Many mediations can be conducted remotely by Zoom when appropriate. Mr. Chefalo regularly handles remote and hybrid mediations and is comfortable managing separate caucus rooms, attorney-client discussions, document review, and multi-party settlement discussions in a virtual format. Remote mediation can be especially useful when parties, attorneys, insurers, experts, or decision-makers are located in different places or when travel, weather, scheduling, privacy, or safety concerns make in-person mediation less practical.

The format should fit the case.
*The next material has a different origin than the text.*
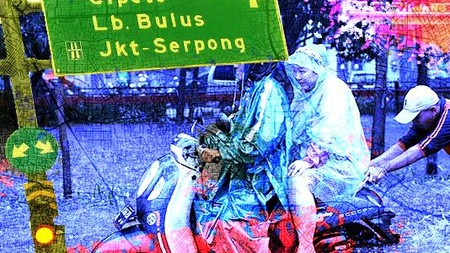 Banjir Jakarta Telan Nyawa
The goal is to create a process that allows meaningful discussion, protects confidentiality, and gives the parties a fair opportunity to evaluate settlement.

Attorneys may contact the office regarding available dates, fee structure, document submission, mediation summaries, and whether a pre-mediation conference would be useful.

Preparing for Mediation

Mediation is more effective when the parties and attorneys are prepared.

Depending on the case, helpful materials may include:

  • Pleadings
  • Prior court orders
  • Financial records
  • Custody or parenting-time proposals
  • Child-support or spousal-support information
  • Property summaries
  • Debt summaries
  • Settlement offers
  • Expert reports
  • Insurance information
  • Photographs
  • Business records
  • Real estate information
  • Retirement or investment information
  • Probate or estate-related documents
  • A short confidential mediation summary

The mediator may request documents in advance so the session can focus on problem-solving rather than basic information gathering.

Parties should come prepared to discuss the issues honestly, evaluate risk, consider practical solutions, and listen carefully to the concerns that may be preventing settlement.